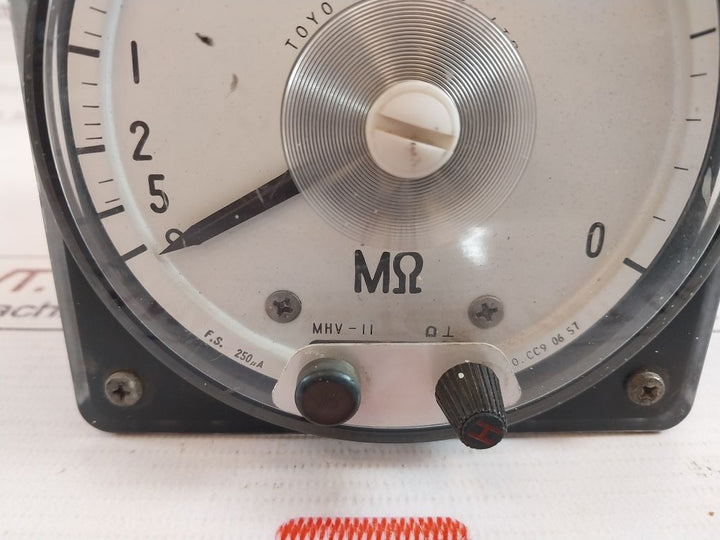 Toyo Keiki 0-5 MΩ Meter
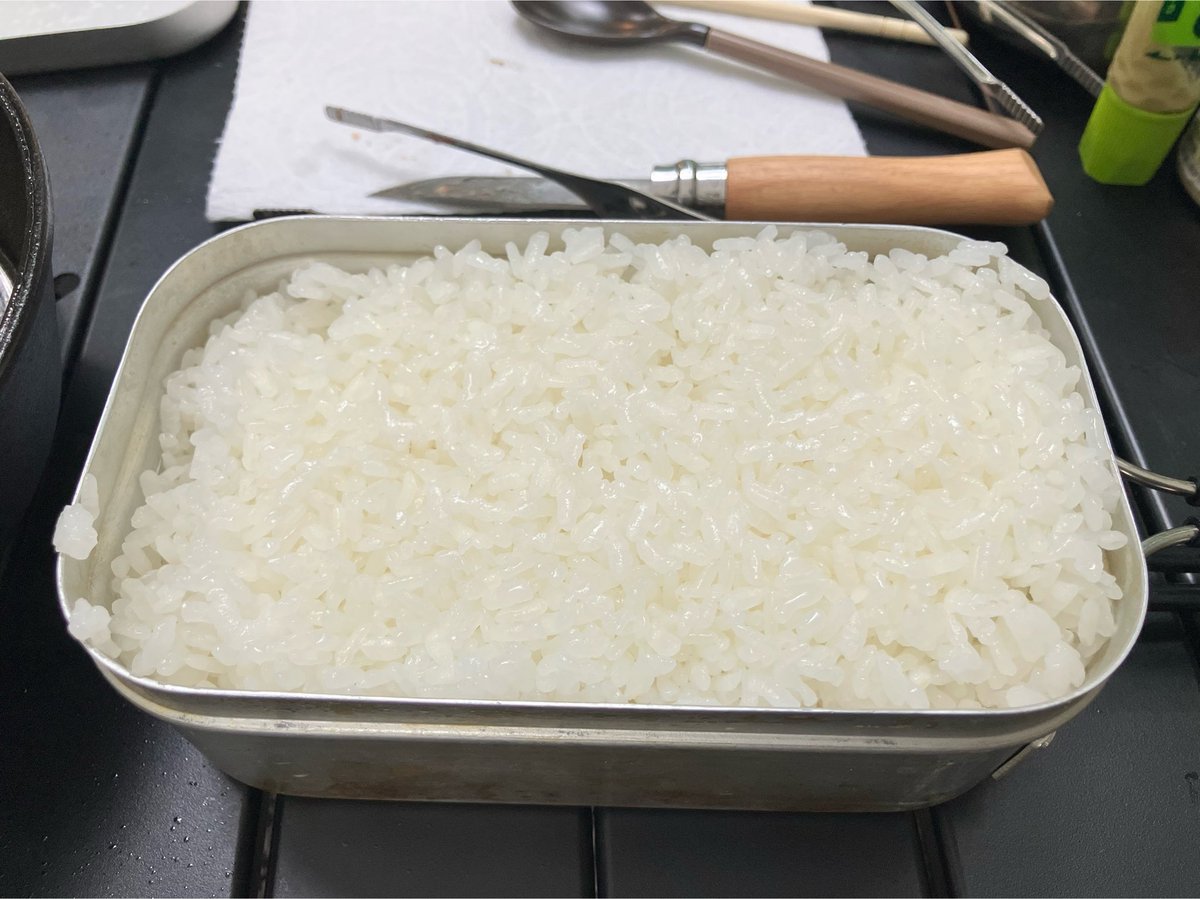 JB23_VSt's tweet photo. 今回も晩御飯は肉と白米

息子の食いっぷりが恐ろしい・・・ https://t.co/Dfb8xUdu3a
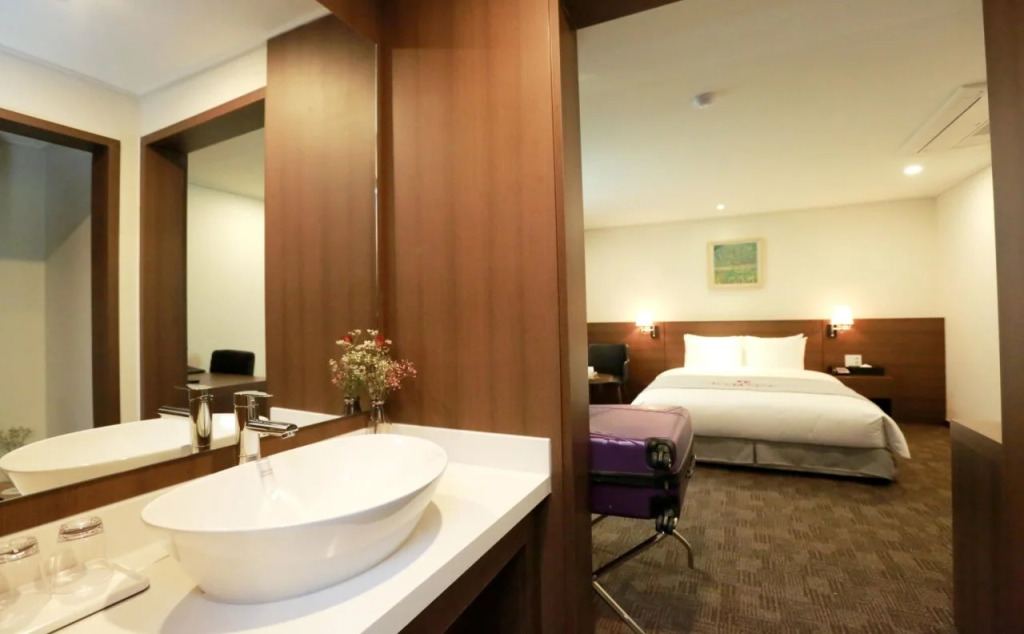 Ramada Taebaek Hotel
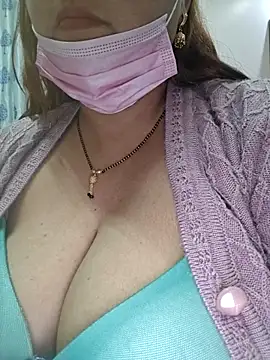 Snapshot of Dianaa9 chatting on December 3, 2025, 8:29 pm Dianaa9 online show from December 3, 2025, 8:29 pm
══════
» **Problem to work on**
Images are to be left out when the records above are written out again exactly.

» **Answer box**
 Toyo Keiki 0-5 MΩ Meter
 JB23_VSt's tweet photo. 今回も晩御飯は肉と白米

息子の食いっぷりが恐ろしい・・・ https://t.co/Dfb8xUdu3a
 Ramada Taebaek Hotel
 Snapshot of Dianaa9 chatting on December 3, 2025, 8:29 pm Dianaa9 online show from December 3, 2025, 8:29 pm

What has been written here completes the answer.